My delusion — a delusion shared by many of my classmates, not to mention also furthered by Yale, itself, as evinced by the very existence of Shopping Period — has been that the course schedule that leaves one most satisfied is also the one that comes from trying out the most possible classes. This false conclusion is informed by two assumptions: that the best decisions are made after considering the most options; and more specifically, that the first two or three meetings of a course allow one to make an educated assessment of its value.
Beginning with the first assumption, we may look to the writing of American psychologist Barry Schwartz for a dissection of the faulty truism that describes the consumer with the most choices as the one who will make the optimal decision. In short, Schwartz argues in his 2004 book, The Paradox of Choice, that this assumption is a fallacy; that, for many, instead of leading to some satisfaction, the system in which one is encouraged to sample a multitude of options before settling on a decision can engender, “endless tangles of anxiety, regret, and second-guessing.” Here at Yale, the issue isn’t simply the fact that we have so many courses from which to choose, but that we’re able to dip our toes into each — a process that creates the illusion of rationality, but often just leaves the student feverishly pursuing some ideal schedule that doesn’t exist.
And even if this perfect schedule did exist, who’s to say that the first few meetings of a course constitute an accurate valuation of its place in this idealized semester? In fact, as students leave fifteen minutes into a two-hour seminar and others enter an hour late (all part of Shopping Period’s standard operating procedure) many professors have learned to dread the semester’s inaugural two weeks of hell, too — and plan accordingly. As one history professor begrudgingly told the thirty undergrads assembled for the first meeting of his seminar, “I’m going to let you all in on a little secret: We hate Shopping Period as much as you all do,” and proceeded to spend the rest of the class explaining why one may want to take the course rather than showing the students what they could expect from every other meeting: historical and textual analysis, discussion.

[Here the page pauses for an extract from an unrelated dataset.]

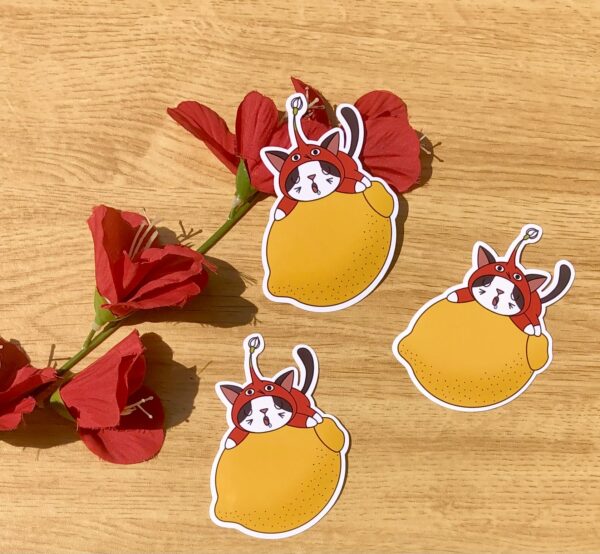 stickers Pikmin rouge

Built on such dubious assumptions, Shopping Period necessarily spawns controversy. Yet perhaps even more sinister than an overabundance of choices is our infatuation with describing our education in increasingly commercial terms. As one residential college dean wrote in a recent email to the entire college, “Shopping Period is ending, so get those final selections into your cart and make your way to the register.” To describe courses, as this residential college dean continues to do, as “shiny toys” is to suggest that the purpose of these very vehicles of education is not the broadening of the mind, nor the deepening of the intellect, but rather the fulfilling of requirements, the checking of boxes. The culture of shopping and the commodification of our time at Yale even extends to extracurriculars — even to campus activism: How many social justice groups have you or your friends signed up for, yet done next to nothing to support?
We take classes to fulfill our major, sing to round out our resumes; we even protest to feel more planted within our community. Yet four years later, with very few exceptions, we’re gone. This is no way to go through Yale, no way to engender reform in this beautiful city we are lucky to call home; and it is, really, no way to go through life at all. In the face of an institution that would tempt us into choosing breadth, not depth, it is then up to us to reject this system. And it all starts again next semester, so say it with me: Fuck shopping. Let’s just choose a few classes we love and forget about the seminar we missed. Let’s choose breakfast.